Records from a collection
+--
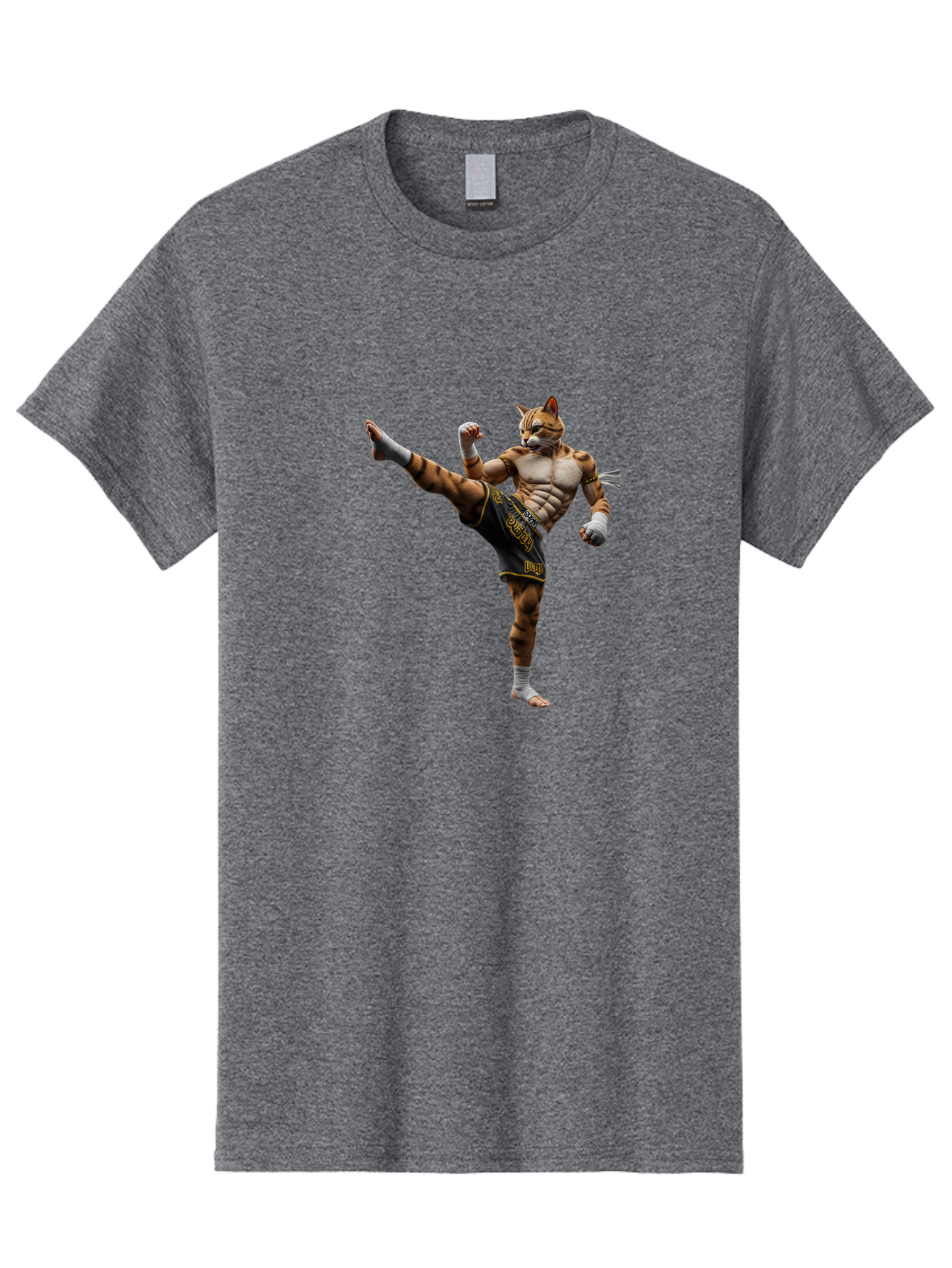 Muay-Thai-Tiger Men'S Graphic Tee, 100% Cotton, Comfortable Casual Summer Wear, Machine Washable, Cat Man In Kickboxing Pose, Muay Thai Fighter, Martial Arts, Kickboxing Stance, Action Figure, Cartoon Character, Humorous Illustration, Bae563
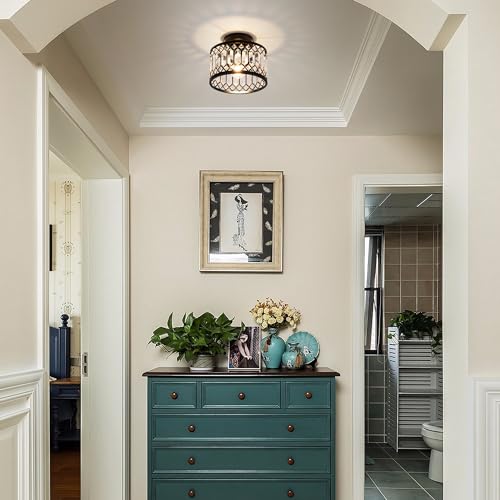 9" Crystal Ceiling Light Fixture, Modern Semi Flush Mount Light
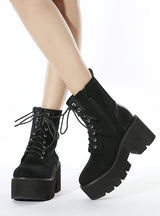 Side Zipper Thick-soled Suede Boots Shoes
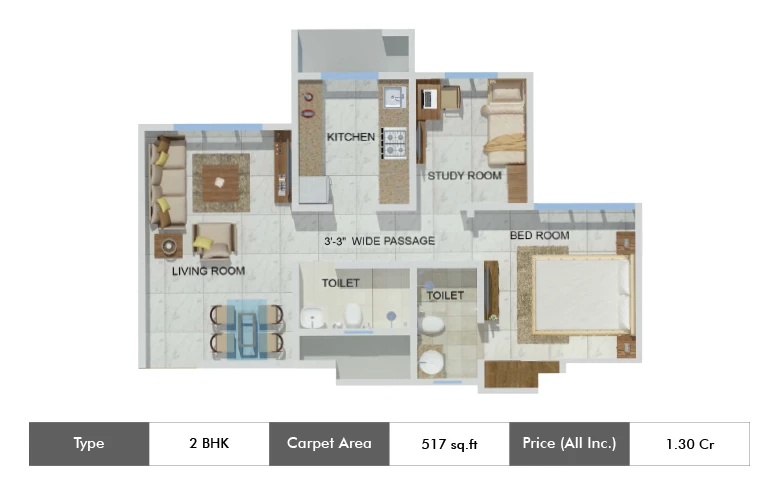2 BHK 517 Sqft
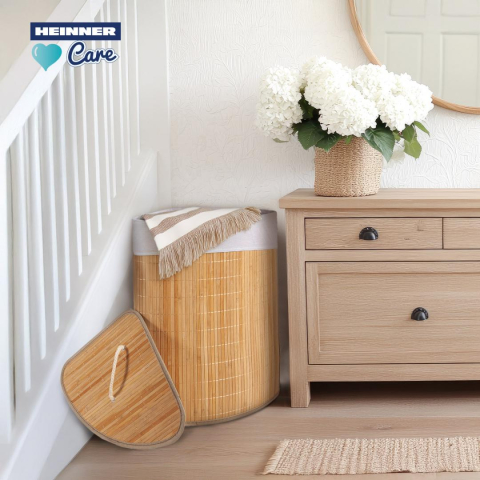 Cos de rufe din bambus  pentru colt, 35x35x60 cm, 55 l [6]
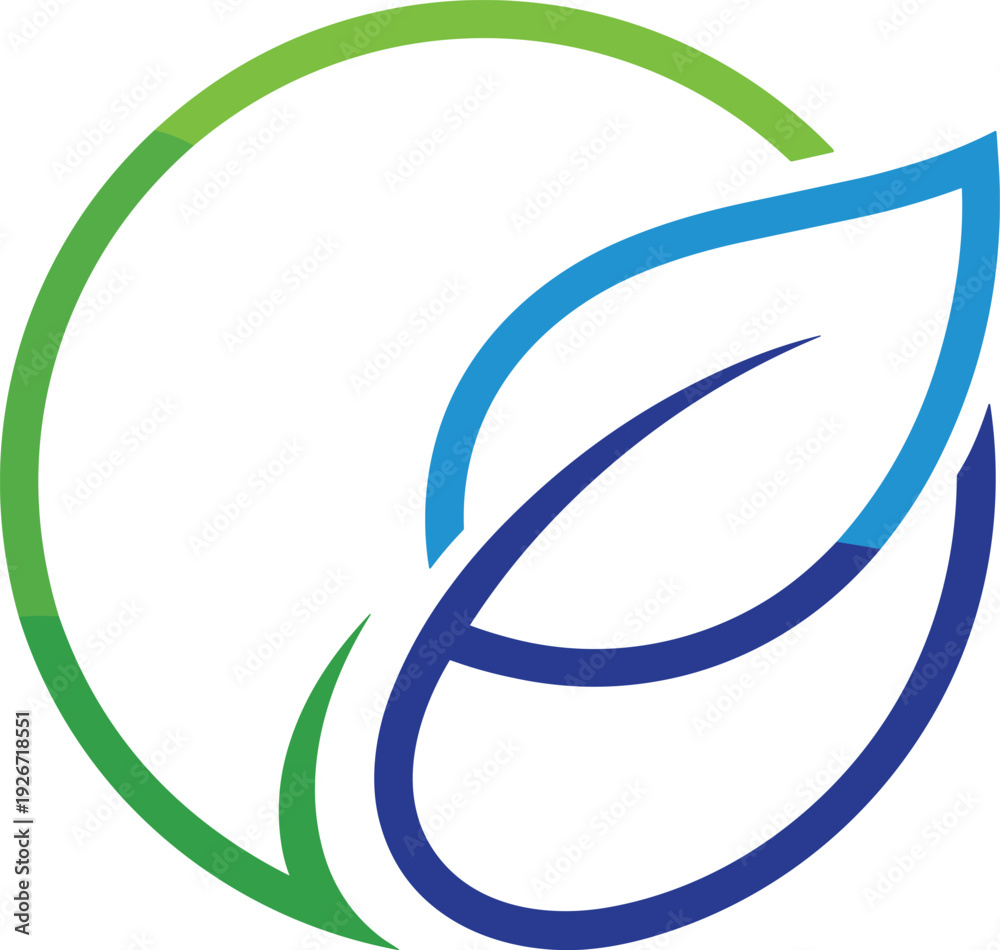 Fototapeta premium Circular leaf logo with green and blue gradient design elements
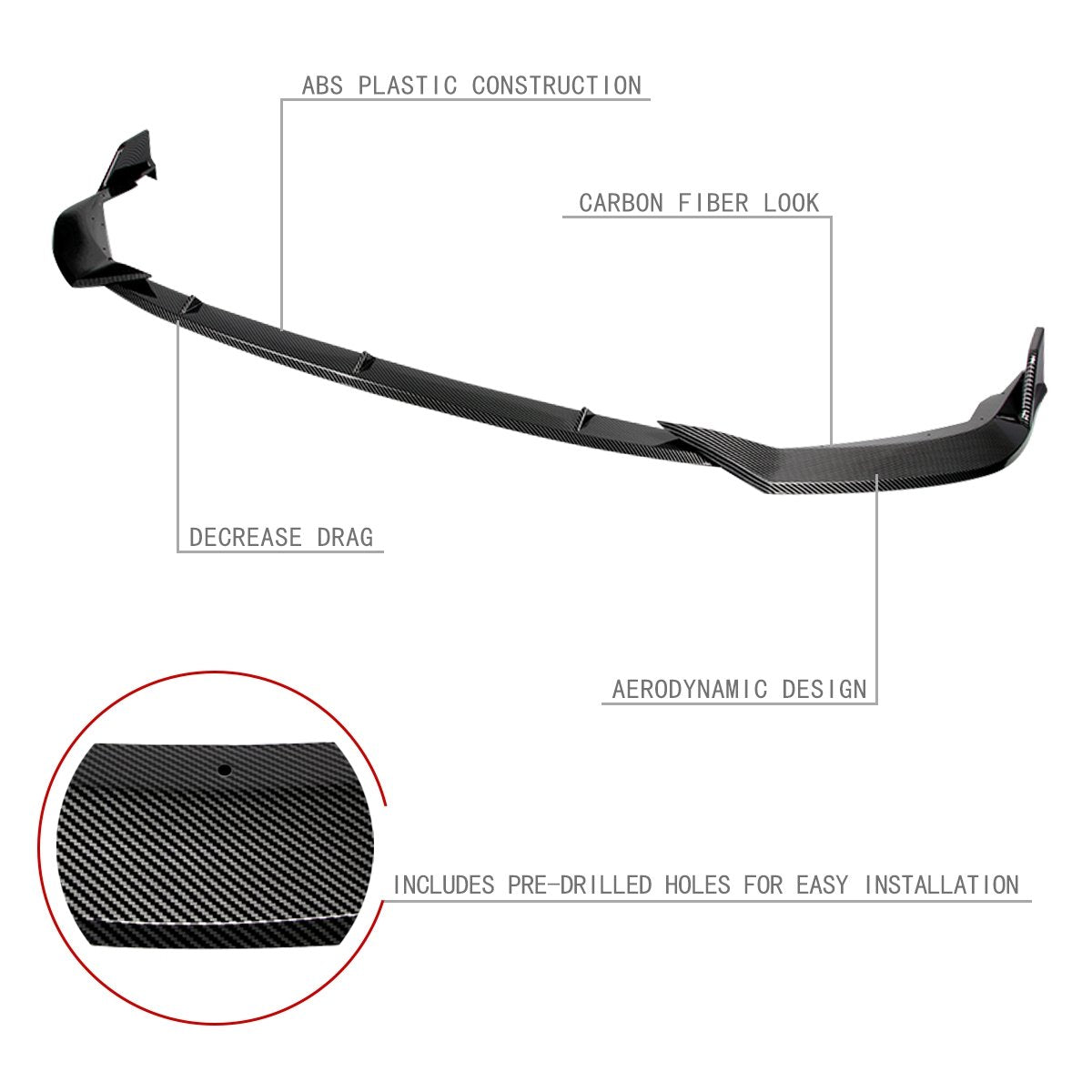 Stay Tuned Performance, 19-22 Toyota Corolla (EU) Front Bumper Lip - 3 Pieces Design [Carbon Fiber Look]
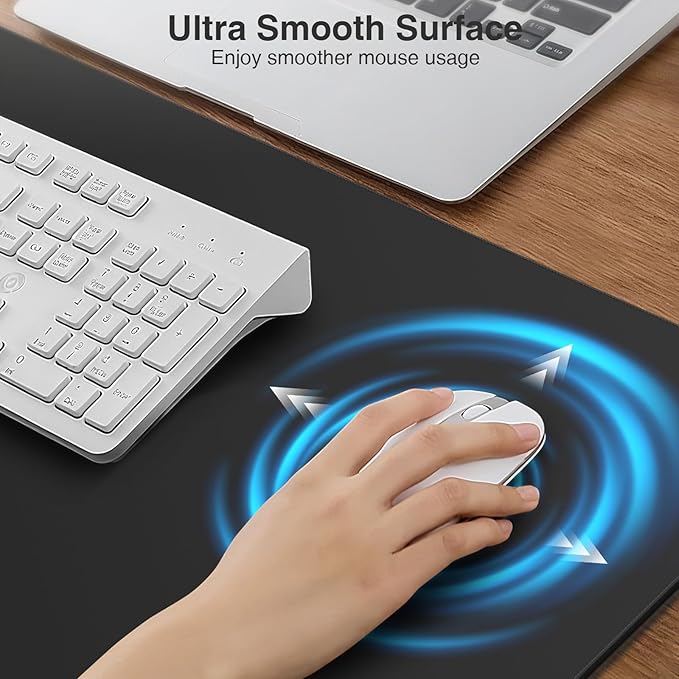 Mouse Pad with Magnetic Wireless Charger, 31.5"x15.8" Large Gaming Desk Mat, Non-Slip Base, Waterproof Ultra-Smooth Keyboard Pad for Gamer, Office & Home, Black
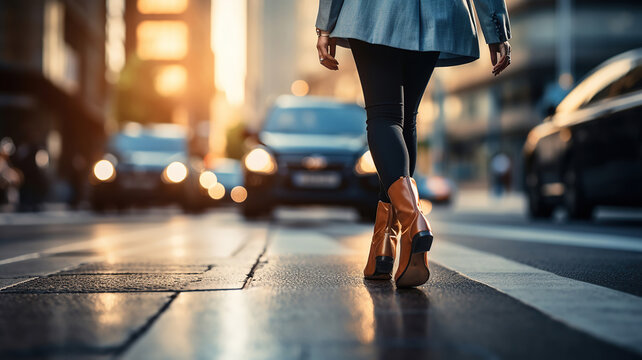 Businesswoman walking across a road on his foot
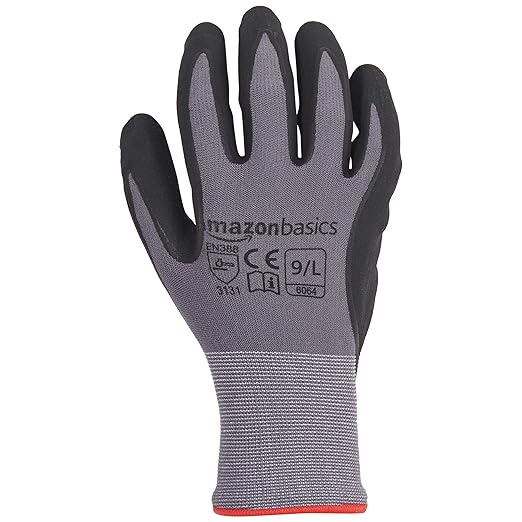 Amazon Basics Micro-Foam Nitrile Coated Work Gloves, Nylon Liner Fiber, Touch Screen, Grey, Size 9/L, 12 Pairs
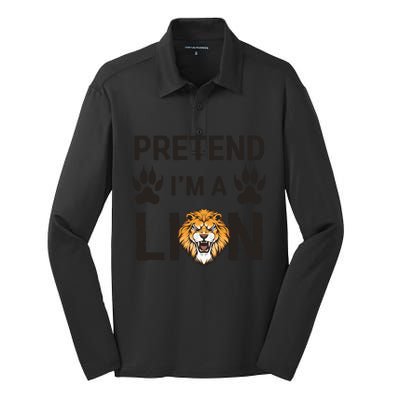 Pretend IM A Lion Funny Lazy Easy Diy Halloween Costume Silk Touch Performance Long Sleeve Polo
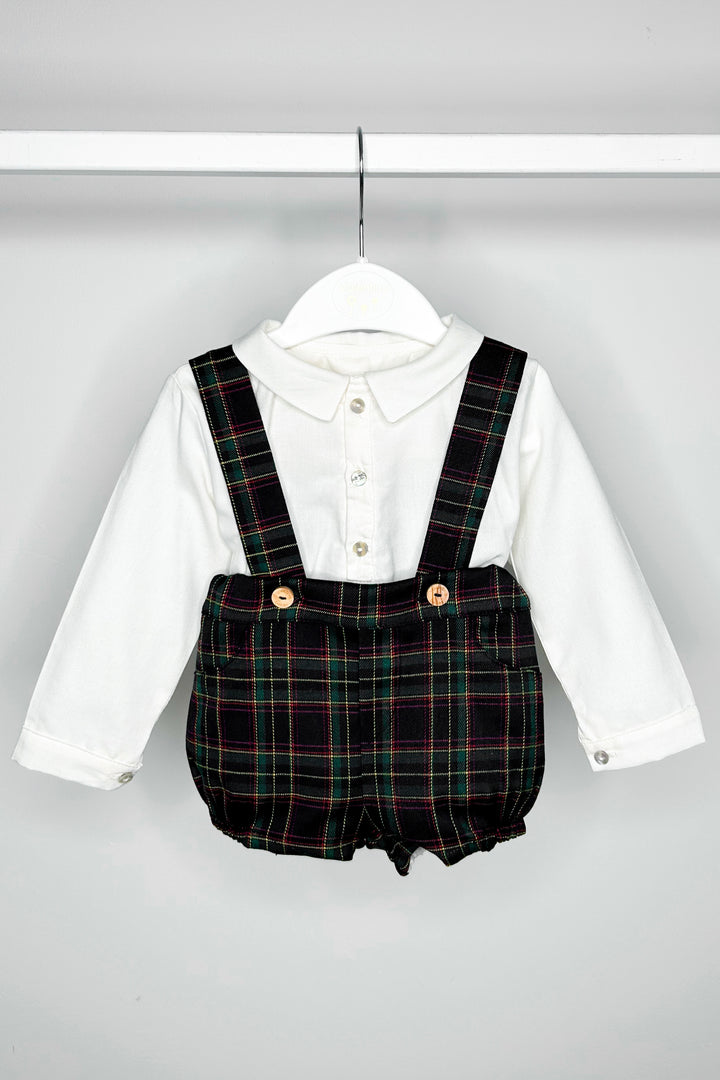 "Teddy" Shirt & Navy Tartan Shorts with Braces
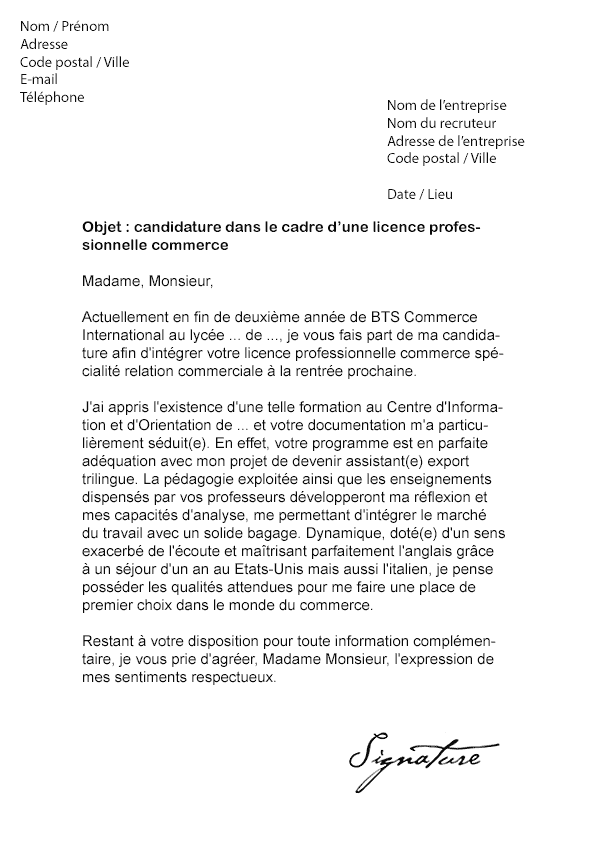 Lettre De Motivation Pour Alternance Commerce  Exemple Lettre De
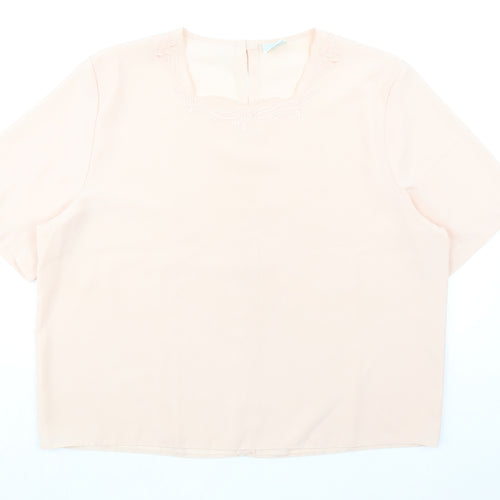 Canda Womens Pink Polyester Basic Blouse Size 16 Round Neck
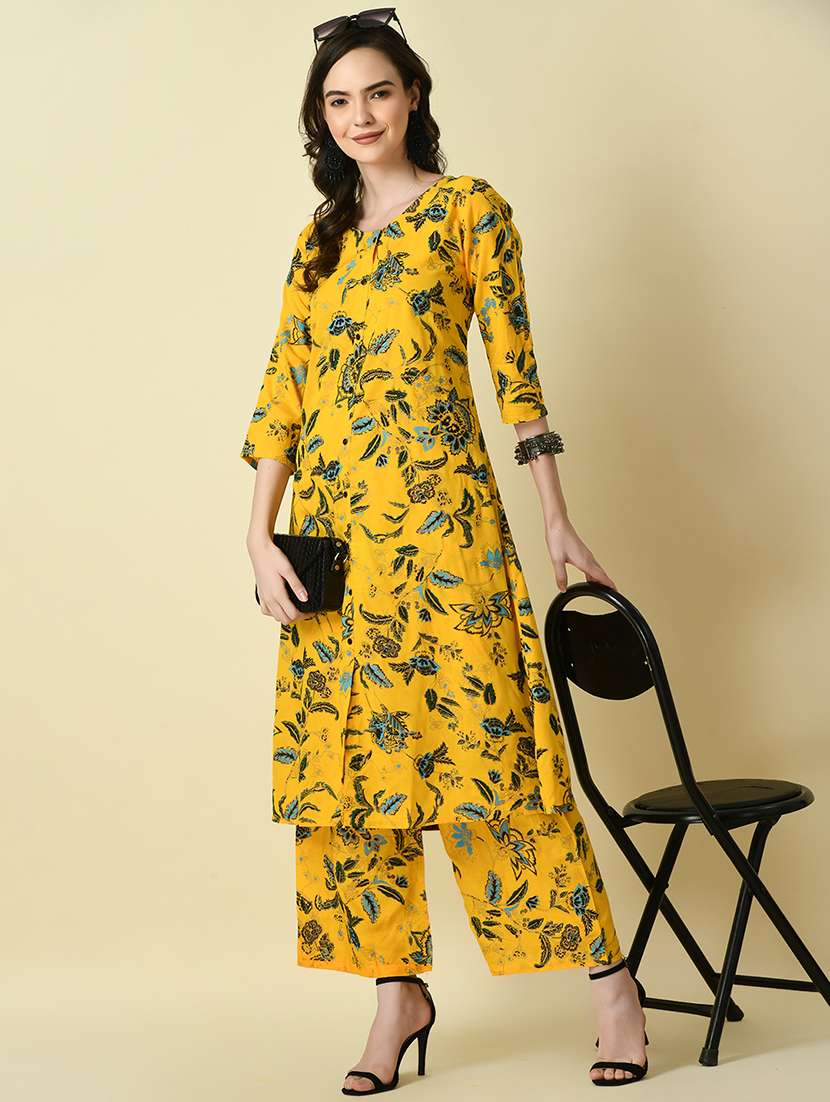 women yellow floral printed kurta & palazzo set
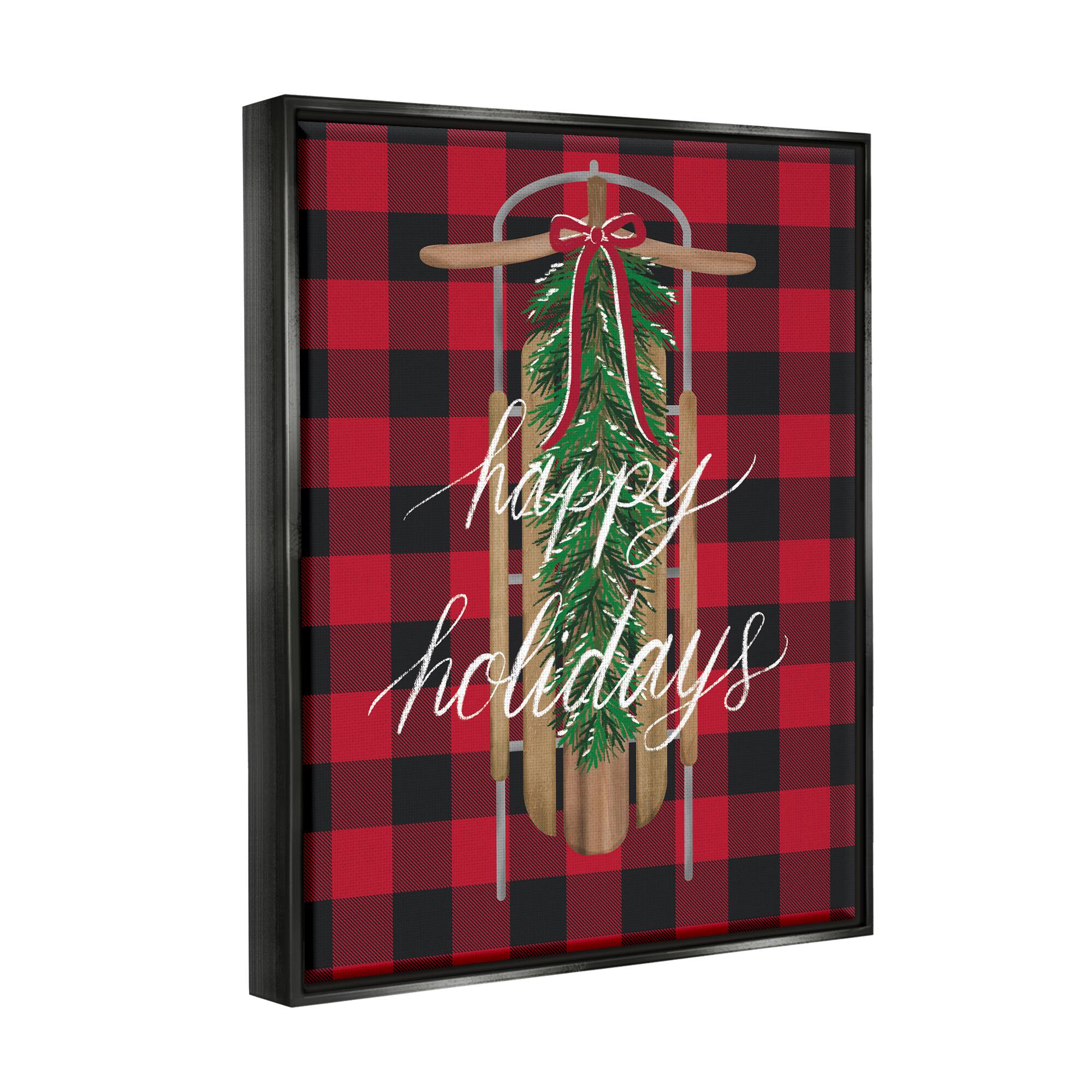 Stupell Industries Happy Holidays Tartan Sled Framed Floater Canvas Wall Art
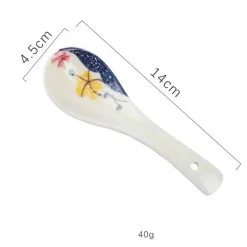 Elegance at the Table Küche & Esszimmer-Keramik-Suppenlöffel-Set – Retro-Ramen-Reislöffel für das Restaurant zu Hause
+--
In the entries above, every line from the line with "Fototapeta premium Circular" to the line with "Mouse Pad with" is to be printed exactly, with both ends included and pictures excluded.

Solution to this problem ::
 Fototapeta premium Circular leaf logo with green and blue gradient design elements
 Stay Tuned Performance, 19-22 Toyota Corolla (EU) Front Bumper Lip - 3 Pieces Design [Carbon Fiber Look]
 Mouse Pad with Magnetic Wireless Charger, 31.5"x15.8" Large Gaming Desk Mat, Non-Slip Base, Waterproof Ultra-Smooth Keyboard Pad for Gamer, Office & Home, Black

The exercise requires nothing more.